--- DATA RECORDS ---

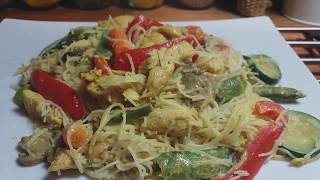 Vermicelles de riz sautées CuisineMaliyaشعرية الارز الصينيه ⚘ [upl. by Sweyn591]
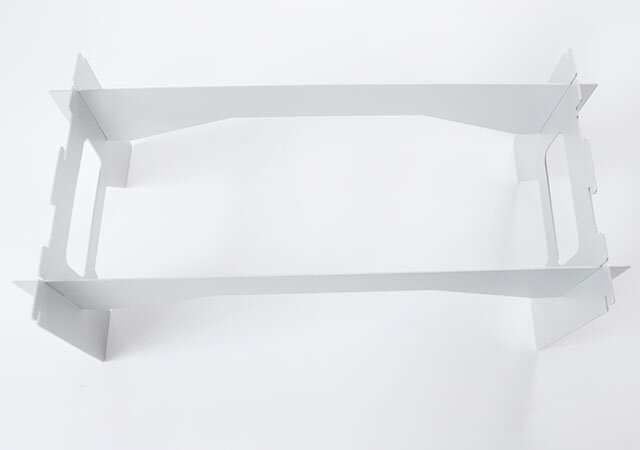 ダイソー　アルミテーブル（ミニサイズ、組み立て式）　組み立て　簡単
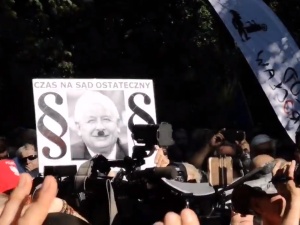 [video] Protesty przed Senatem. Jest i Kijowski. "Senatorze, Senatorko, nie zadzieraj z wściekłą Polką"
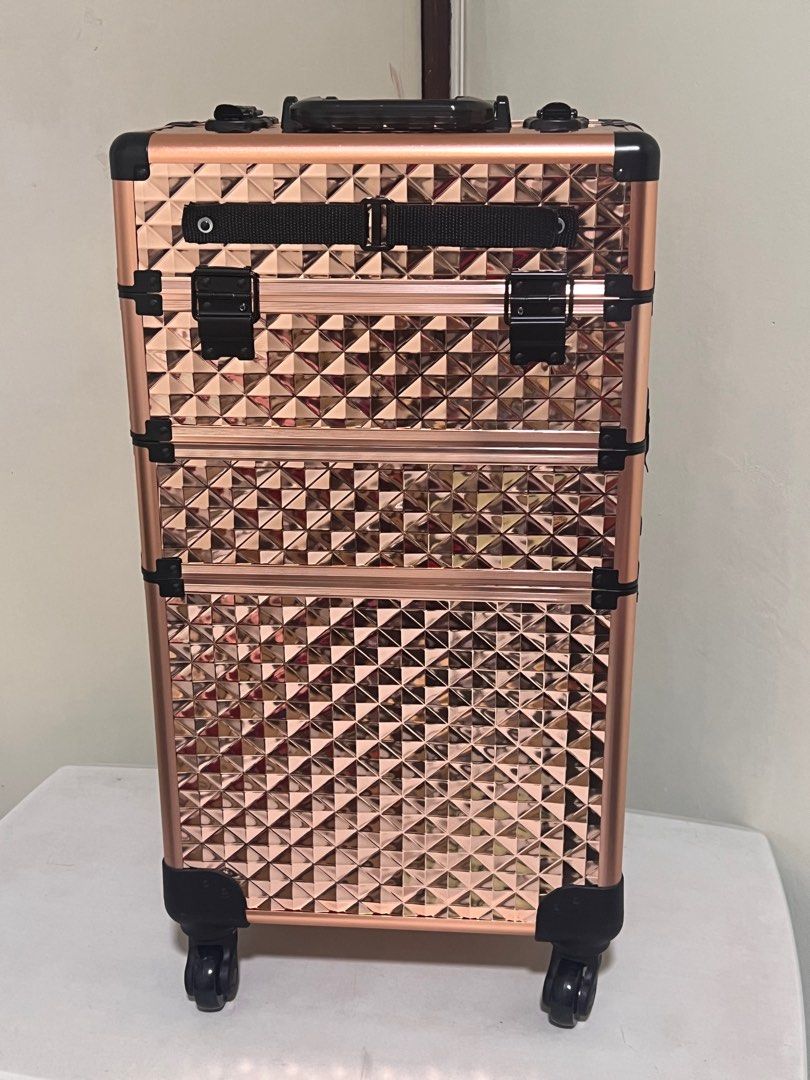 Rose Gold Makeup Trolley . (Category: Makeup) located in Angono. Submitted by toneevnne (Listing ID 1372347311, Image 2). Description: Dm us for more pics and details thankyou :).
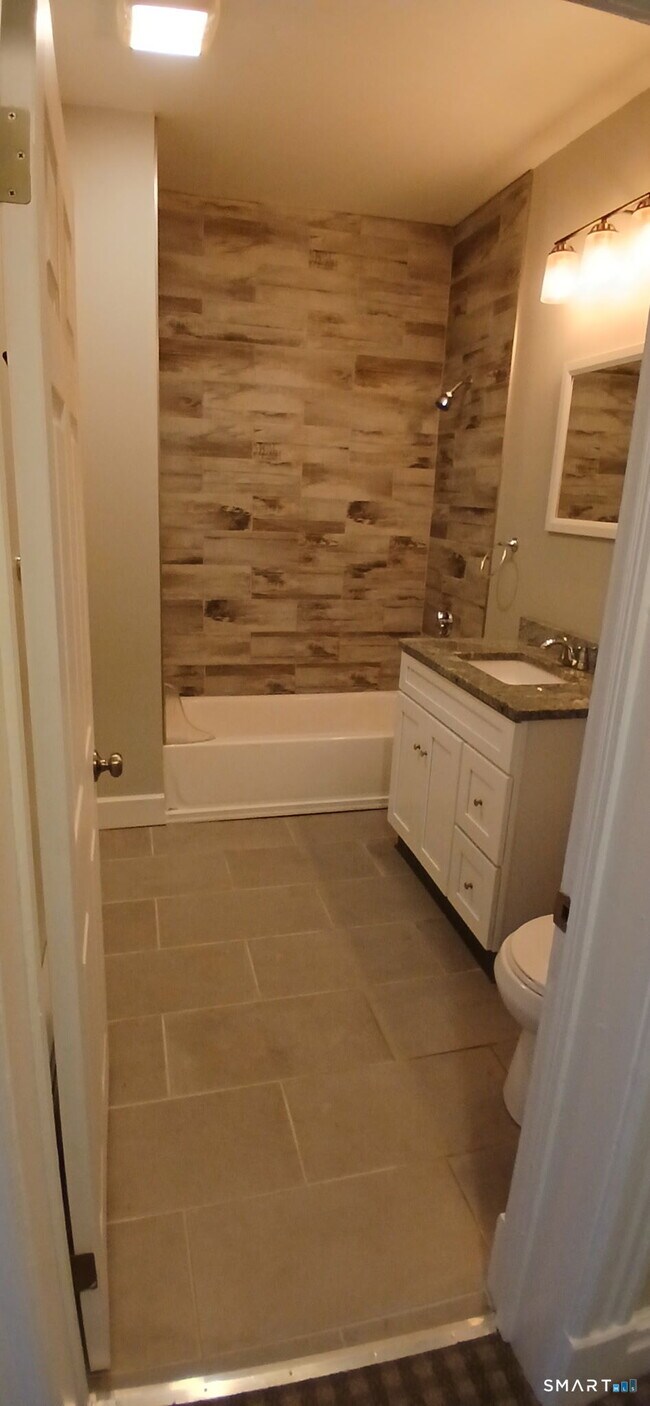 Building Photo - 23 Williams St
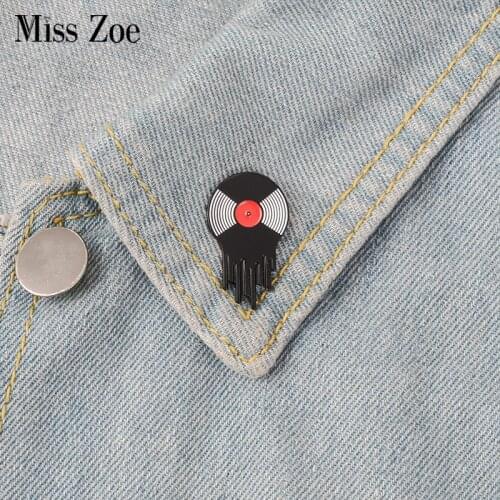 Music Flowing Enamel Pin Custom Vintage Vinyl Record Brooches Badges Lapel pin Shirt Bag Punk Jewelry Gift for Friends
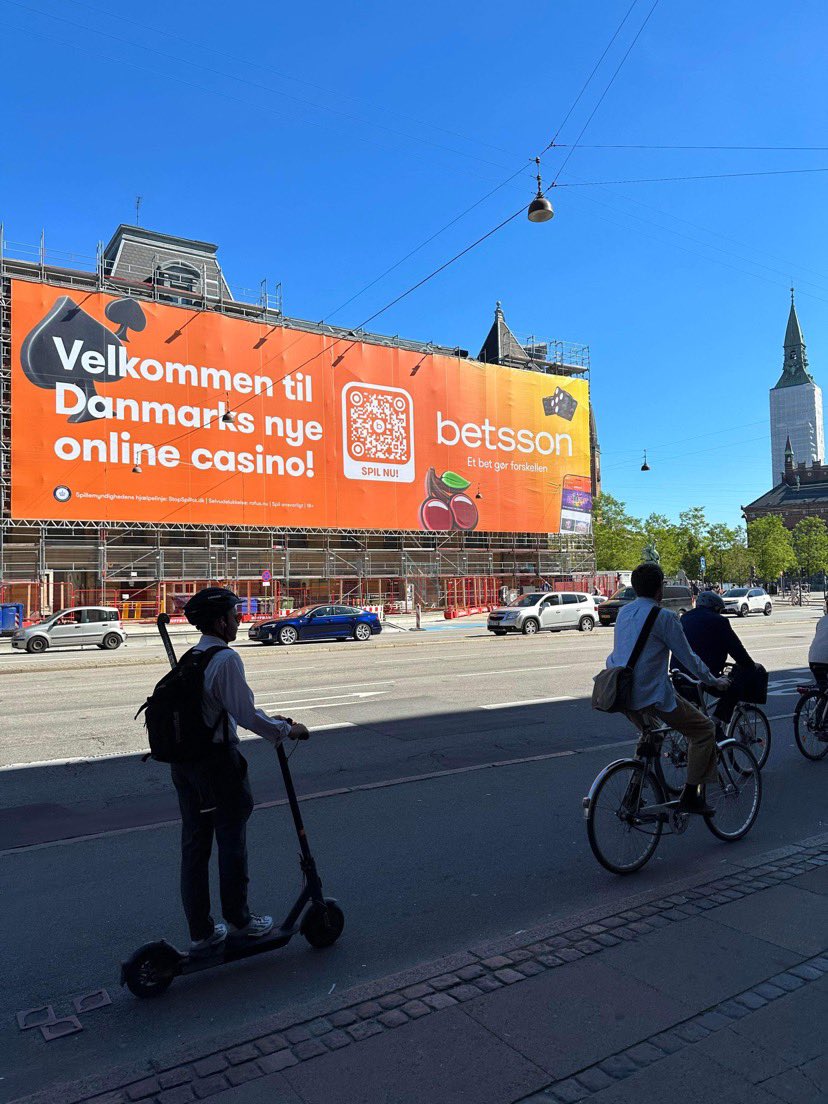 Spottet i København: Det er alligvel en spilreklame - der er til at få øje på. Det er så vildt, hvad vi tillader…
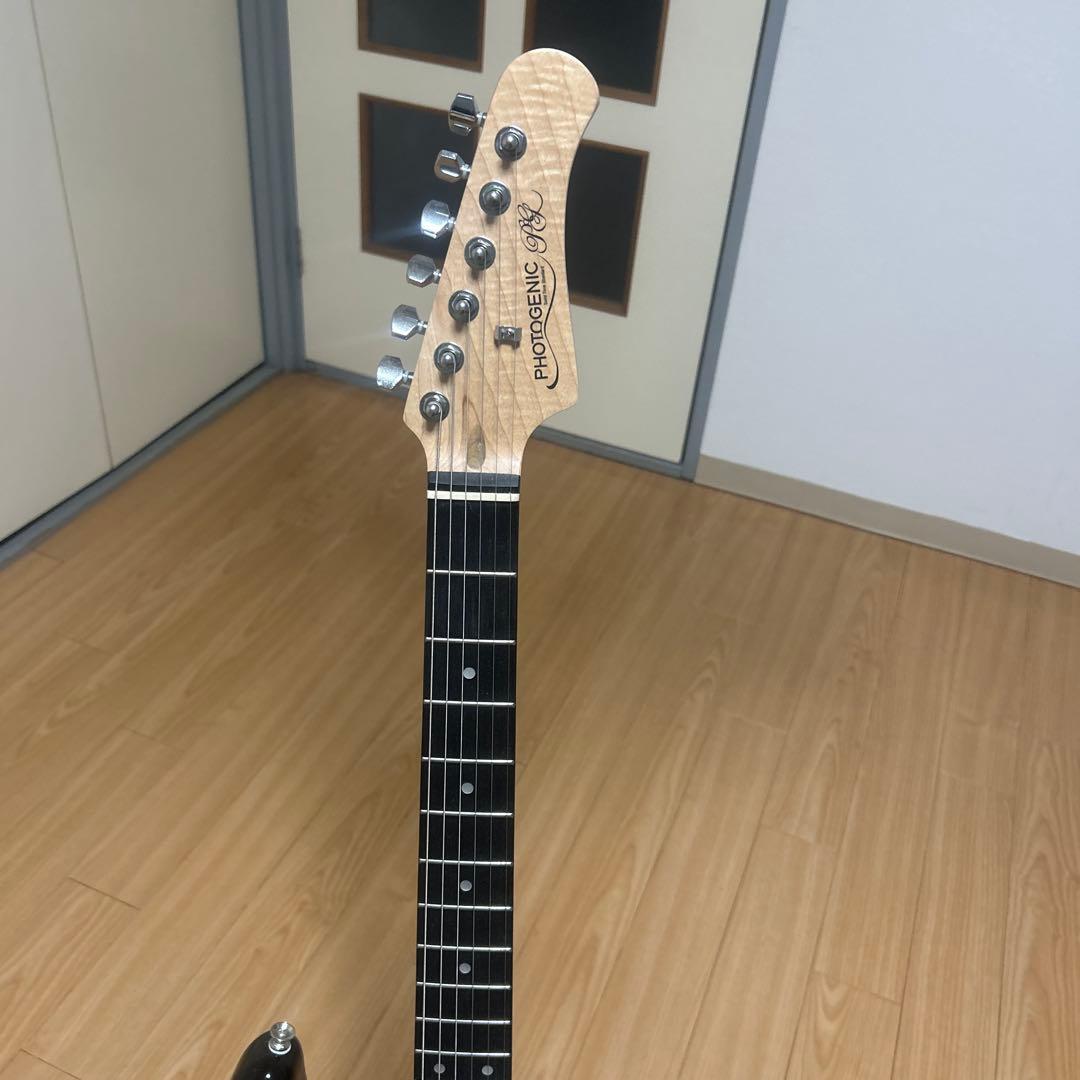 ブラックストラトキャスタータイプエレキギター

---

» WHAT TO WORK ON
Please keep every line of the data the same when you reproduce it, and keep every picture out.

» SOLUTION TO THIS TASK
 Vermicelles de riz sautées CuisineMaliyaشعرية الارز الصينيه ⚘ [upl. by Sweyn591]
 ダイソー　アルミテーブル（ミニサイズ、組み立て式）　組み立て　簡単
 [video] Protesty przed Senatem. Jest i Kijowski. "Senatorze, Senatorko, nie zadzieraj z wściekłą Polką"
 Rose Gold Makeup Trolley . (Category: Makeup) located in Angono. Submitted by toneevnne (Listing ID 1372347311, Image 2). Description: Dm us for more pics and details thankyou :).
 Building Photo - 23 Williams St
 Music Flowing Enamel Pin Custom Vintage Vinyl Record Brooches Badges Lapel pin Shirt Bag Punk Jewelry Gift for Friends
 Spottet i København: Det er alligvel en spilreklame - der er til at få øje på. Det er så vildt, hvad vi tillader…
 ブラックストラトキャスタータイプエレキギター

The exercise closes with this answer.